Constructing accurate seismic images and corresponding earth models is important in making business or operational decisions relating to oil and gas exploration and reservoir management. For example, earth scientists use seismic images to determine where to place wells in subterranean regions containing hydrocarbon reservoirs. They also build models of the subsurface to create reservoir models suitable for reservoir fluid flow modeling. The quality of the business and operational decisions is highly dependent on the quality of the seismic images and earth models.
The known methods of analyzing the quality of the 3D seismic survey are flawed in some respects. Normally, bin fold maps are created, spider diagrams of the azimuth distributions are pulled and/or the partial fold of stack plots on the survey design are reviewed to obtain information regarding the overall potential for the quality of the survey.
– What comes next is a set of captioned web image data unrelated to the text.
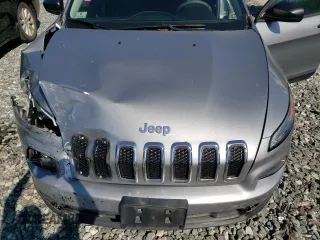 2015 Jeep Cherokee Sport z VIN 1C4PJLAB4FW731128, wystawiony jako Copart lot #56358915 z przebiegiem 100 455 mil mil oraz Czysty tytuł • Clean title. Historia ofert i sprzedaży dostępna na DreamBid. Obrazek 12.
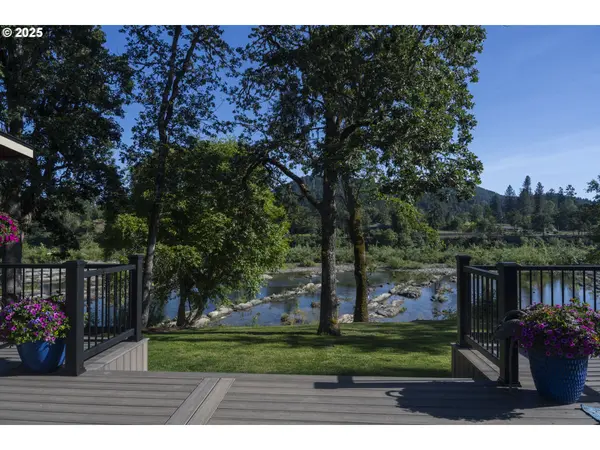 418 RIVERSHORE DR, Roseburg, OR 97470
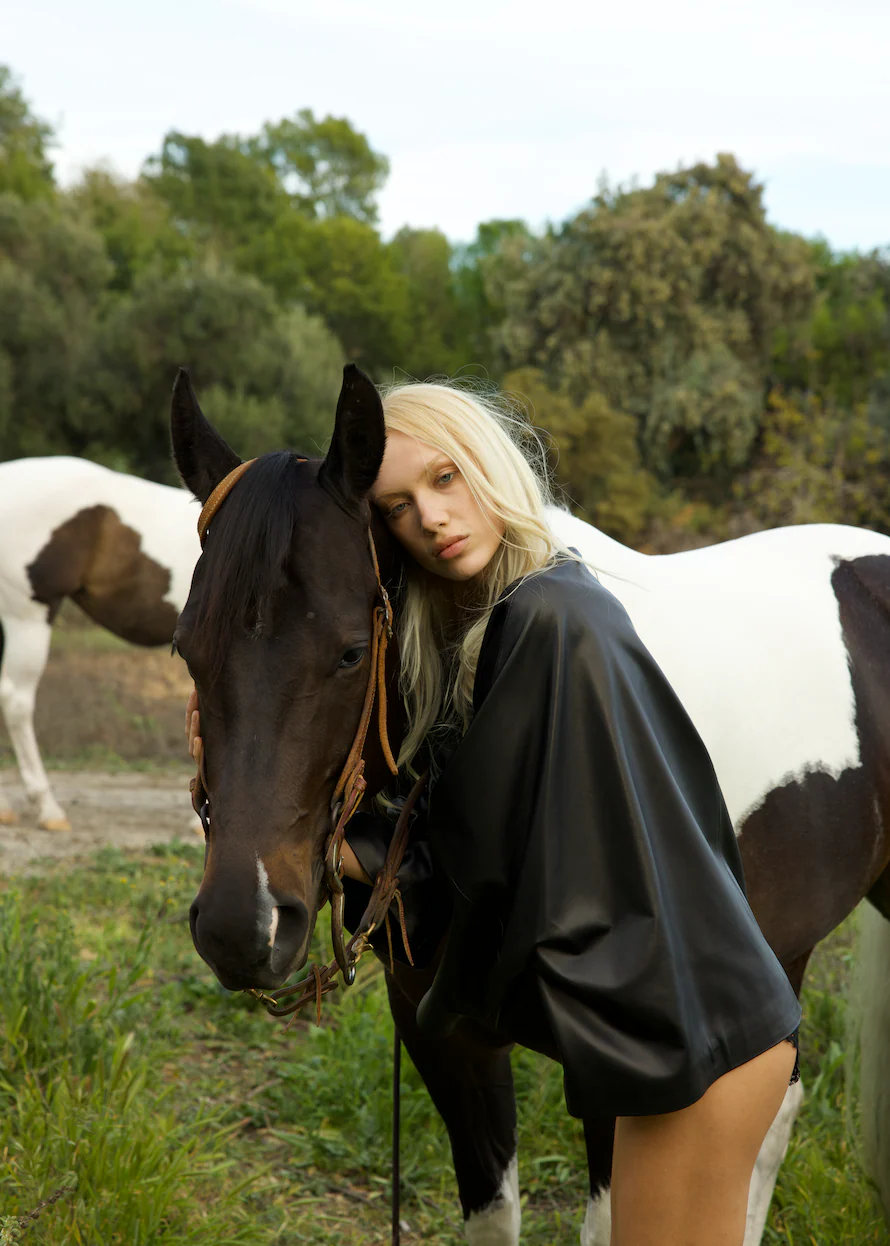 PAPERWEIGHT LEATHER CAPE - Noir - Image 4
While these techniques relate information about the survey as a whole and attributes drawn from them are indicative of the quality of the survey, these techniques do not analyze the sampling of the survey or compared it to other surveys or take into account the possible variations in actual field implementation of the theoretic survey. Other techniques involve visual inspection of time slices through the fold and offset planes of proposed designs. However, the interpretation is influenced by a users experience and knowledge, and thus is somewhat subjective and not easily compared between users.
There exists a need for a more robust technique for analyzing the quality of a 3D seismic survey, preferably one that is not as subjective.